Lung Ying-tai (龍應台) is a complex woman. Widely hailed as an important voice in Taiwan for democracy during the Chinese Nationalist Party (KMT) authoritarian era, more recently she has been condemned by some as a tool for China.
Clearly mindful of her upbringing in the world of the KMT martial law dictatorship, she has also become a sharp critic of President Chen Shui-bian (陳水扁), the arch anti-KMT politician, in recent years.
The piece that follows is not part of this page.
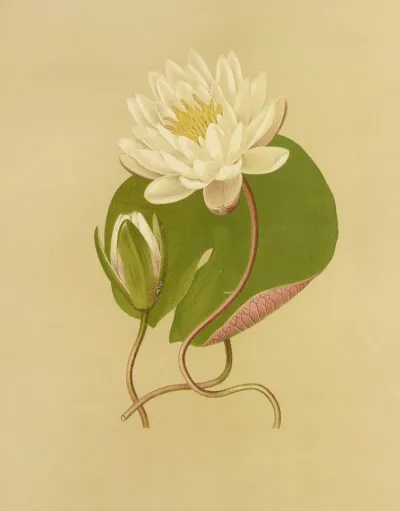 Water Lily 2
And, while she has been a prominent Taiwanese writer and professor, she has also published in major Chinese newspapers for 15 years and teaches at the University of Hong Kong.
On Thursday, Lung was in Washington to berate the international community for not helping Taiwan out of the global isolation imposed on it by Beijing and, indeed, for acquiescing to it and to twit Taiwan for not doing enough on its own behalf to break out of that isolation.
"Are the Taiwanese being punished for their democracy?" Lung asked dozens of senior diplomats, academics and international affairs experts in a presentation on China-Taiwan relations at a seminar on worldviews and human rights sponsored by the Swedish embassy and foreign ministry.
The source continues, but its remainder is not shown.